Education, Back to School, Shopping.
As back-to-school season approaches, your kids may have outgrown their clothes – but they don’t have to outgrow your budget.
Last year, shoppers indicated they planned to spend an average of $688 per household on back-to-school items, according to the National Retail Federation, with the majority going toward apparel and electronics.
Here’s how credit cards can cut some of those costs.
Reward rates vary by type of card, but a decent return for cash-back credit cards might range from 1.5 to 2 percent back per dollar spent to 5 percent back on rotating bonus categories. Those rewards can be redeemed for cash or a statement credit to offset school purchases, for example, or applied to future travel.
A credit card that earns cash back generally requires good credit. You’ll get the most value if you pay your bill in full every month, avoiding interest charges.
A credit-card sign-up bonus can be worth hundreds of dollars if you meet the minimum spending requirement.
Classroom purchases bring Kyle Craighead and his wife, fellow teachers and bloggers at Teachers Traveling on Points closer to meeting sign-up bonus spending requirements.
“We always try to use the rewards for maximizing travel that we wouldn’t have been able to afford,” Craighead says.
0% Intro APR offers
Certain gadgets and supplies carry hefty price tags. A rewards credit card with an introductory 0 percent annual percentage rate can offer breathing room for large purchases.
You still have to pay monthly, but you won’t be charged interest during the promotional period.
Online shopping portals
Multiply your credit-card rewards by shopping through the card’s bonus mall or a cash-back shopping site.
For example, an online portal may offer 5 percent cash back at a certain store. If you spent $300 with a card that also earns 2 percent back, you’d get $21 back.

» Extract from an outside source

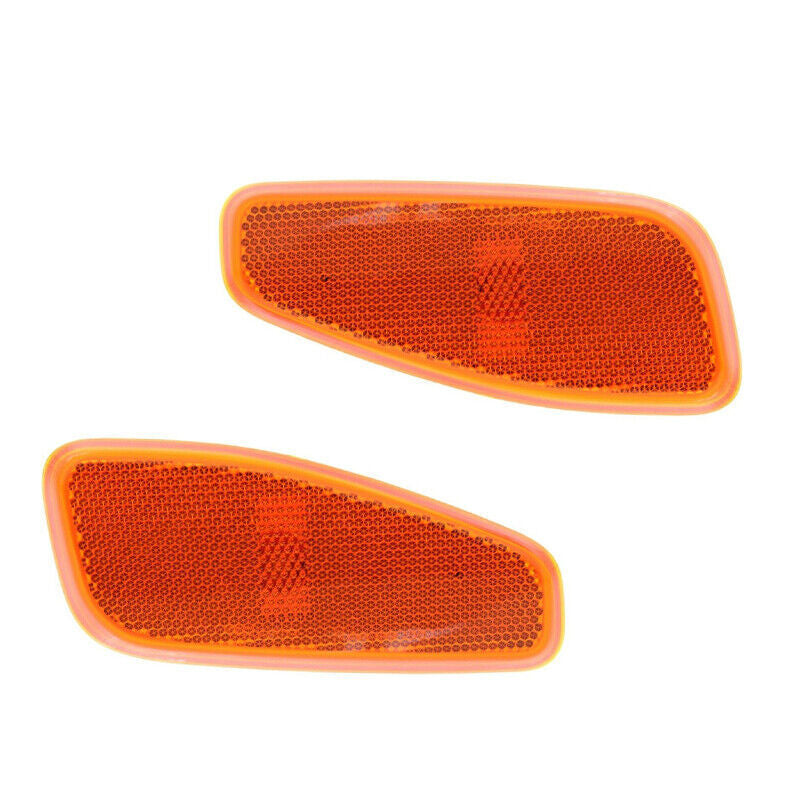 Left Right Front Side Marker Lights Width Lamp for Jeep Renegade 2015-2021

Chonce Maddox, blogger at My Debt Epiphany, uses a cash-back card to make purchases via Ebates, a cash-back site. This year, she’ll shop for clothes and school supplies for her 8-year-old.
“I like to stack my savings and cash back and discounts as well as I can,” Maddox says. She deposits earnings into her checking account and uses them for vacations or dining.
If your credit card offers price protection, you can be refunded the difference on a purchase if you find a lower advertised price within a designated time frame.
Some issuers are altering or ending their price protection policies later this year. Also, depending on the issuer, you might have to submit documents.
For Craighead, the extra legwork was worth it when iPad prices dropped two weeks after he bought one. He estimates the benefit saved him $50 to $75.